The regions include:
- Loudon Road Racing Series (NorthEast Region)
- Mid-Atlantic Region
- CCS South (Texas Region)
- South East Region
- CCS Florida
- TrackAddix Great Plains Region
- Mid West Region
- Road Race South West Region

In addition to there being championship titles for each class in each region, and overall champions for each region, there are slight differences in operations between the regions. For example, some regions have all day practice on the Saturday of a typical two-day event weekend, with all of the races occurring on that Sunday, whereas other regions have some practice and some races on both days of an event weekend. Other differences include variations in registration fees and rules, differences in individual event trophy procedures, and so on; however, all regions generally conform to the CCS Official Rulebook.

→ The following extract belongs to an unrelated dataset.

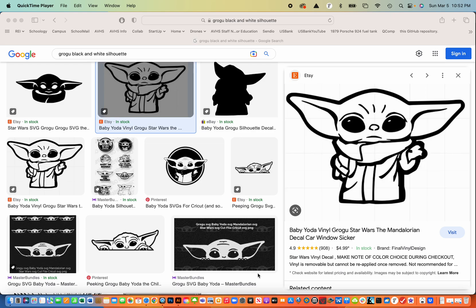It's Mr. Lee and today what we're going to do is make a cookie cutter using our 3D printers.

Awards are also given for the Blackhawk Farms Raceway Track Championships, and the Summit Point Motorsports Park Track Championships.

===Equipment===
Besides having to comply with the various limitations of a particular class, motorcycles must meet other criteria to be allowed to compete in CCS sanctioned events. Requirements include safety modifications (such as safety wiring of crucial fasteners), homologation, proper display of race numbers, and so on. Also counted in the Equipment category is the riders' personal gear, such as leathers, helmets, back protectors, boots, and gloves.

===Championship Titles===
Championship Titles can be won for each class within each region. For each class within each region, there is a title for the top Amateur and the top Expert. There is also an Overall Champion title for each region, again for both Amateur and Expert. Class and Overall Champions within regions are determined by CCS's points system. At the beginning of each season, each region holds and awards banquet to recognize the various champions for the previous year.

Although there is no overall CCS champion (across regions), CCS does hold an annual Race of Champions in the Fall (towards the end of the racing season in most regions) at Daytona International Speedway. That in and of itself acts as a sort of proxy overall CCS championship.